11. As to language, propriety is obtained by grammar, rhetoric, and poetry. 1. The grammar of the first six years in question will be that the child should be able to express in his own language so much as it knows of things, even though it speak imperfectly;[2] yet let it be to the point, and so articulated as that it may be understood. 2. Their rhetoric will be to use natural actions, and, in case they hear, to understand and repeat a trope or a figure. 3. Their rudiments in poetry will be to commit to memory certain verses or rhymes.

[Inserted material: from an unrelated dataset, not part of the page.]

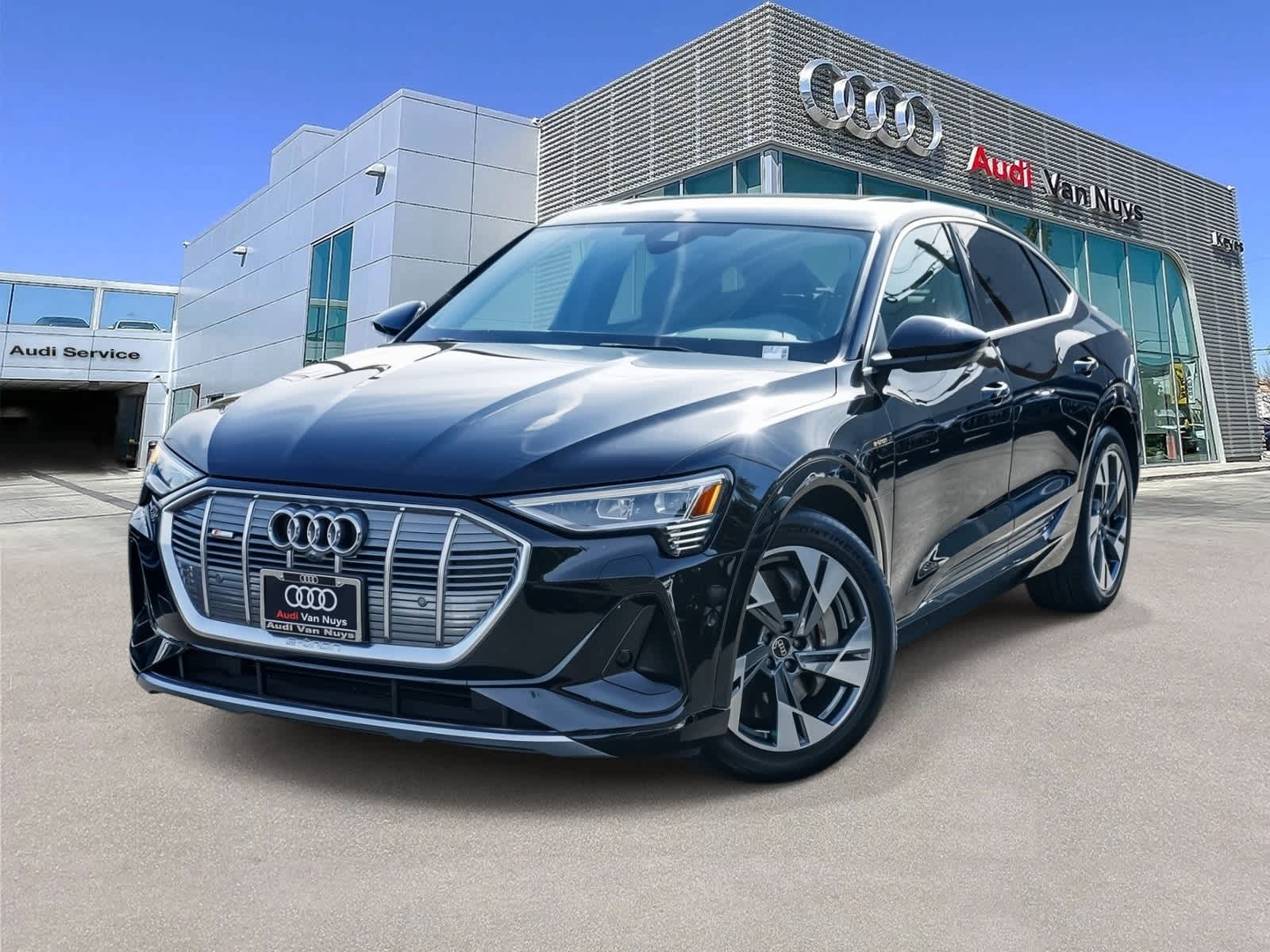 2023 Audi e-tron S Premium Plus -
                  Sherman Oaks, CA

12. Care must be taken as to the method adopted with children in these things, not apportioning the instruction precisely to certain years or months (as will afterwards be done in the other schools), but in general only, for the following reasons: 1. Because all parents cannot observe such order in their homes as prevails in public schools, where no unusual matters disturb the regular course of things. 2. Because in this early age all children are not endowed

  1. Comenius was one of the first to recognize the educational value of manual training. “Learn to do by doing,” was one of his cardinal maxims. Locke and Rousseau accepted this maxim. The former wrote: “I cannot forbear to say, I would have my gentleman learn a trade, a manual trade.”
  2. Ascham quaintly remarks in the Schoolmaster (London, 1864): But if the childe miss, either in forgetting a worde or in changing a good with a worse or in misordering a sentence, I would not have the master either frowne or chide with him, if the childe have done his diligence and used no frowardship therein.”